> **DATA FOR REVIEW**:
= Beginning of Section =
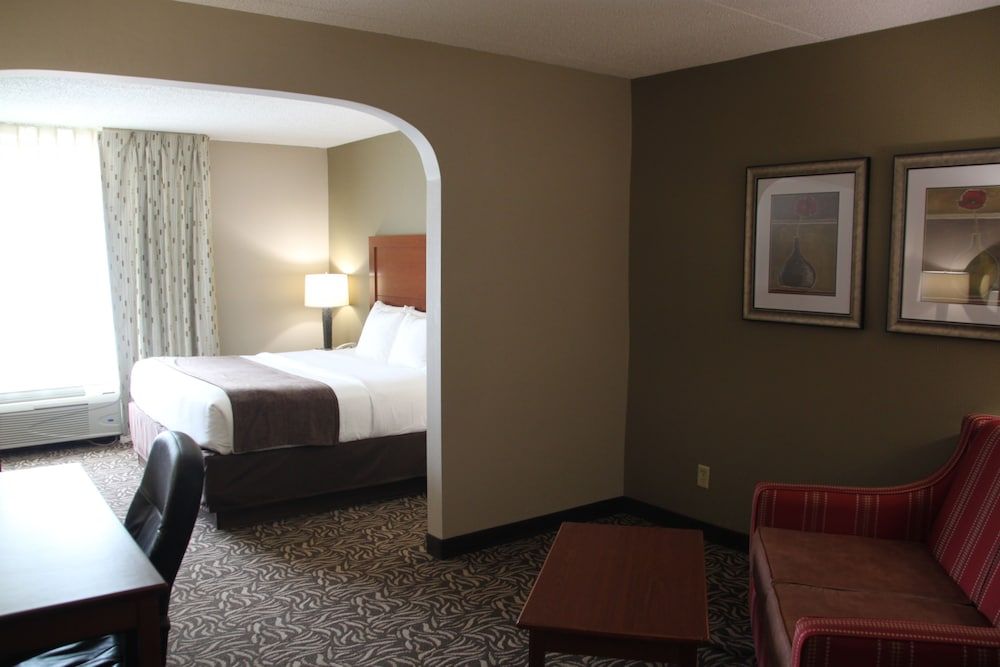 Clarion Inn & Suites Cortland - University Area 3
= End of Section =
= Beginning of Section =
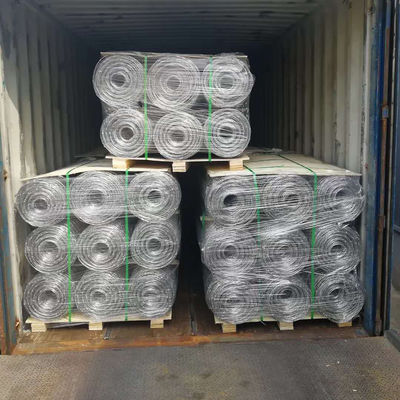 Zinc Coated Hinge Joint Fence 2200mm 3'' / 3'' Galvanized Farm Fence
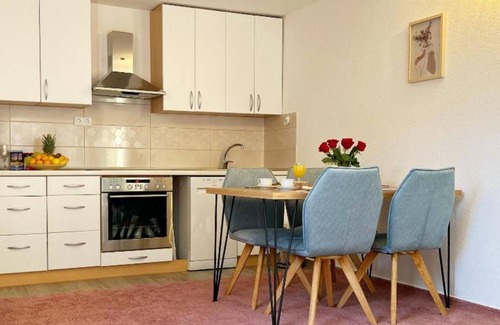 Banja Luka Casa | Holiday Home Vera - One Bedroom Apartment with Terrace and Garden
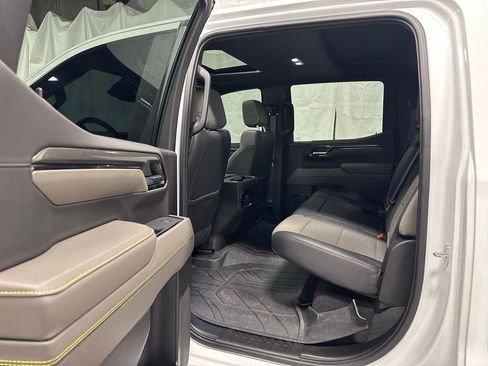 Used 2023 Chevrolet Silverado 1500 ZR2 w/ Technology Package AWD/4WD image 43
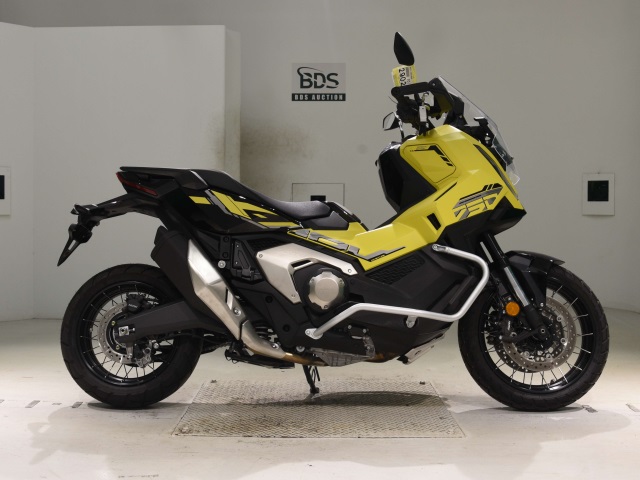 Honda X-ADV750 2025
= End of Section =
> **HOW TO COMPLETE THIS TASK**: Copy needed, without pictures: the lines of the listing above from the line containing "Banja Luka Casa" up to and including the line containing "Honda X-ADV750 2025", set down exactly.

> **RESULT OF THIS TASK**:
 Banja Luka Casa | Holiday Home Vera - One Bedroom Apartment with Terrace and Garden
 Used 2023 Chevrolet Silverado 1500 ZR2 w/ Technology Package AWD/4WD image 43
 Honda X-ADV750 2025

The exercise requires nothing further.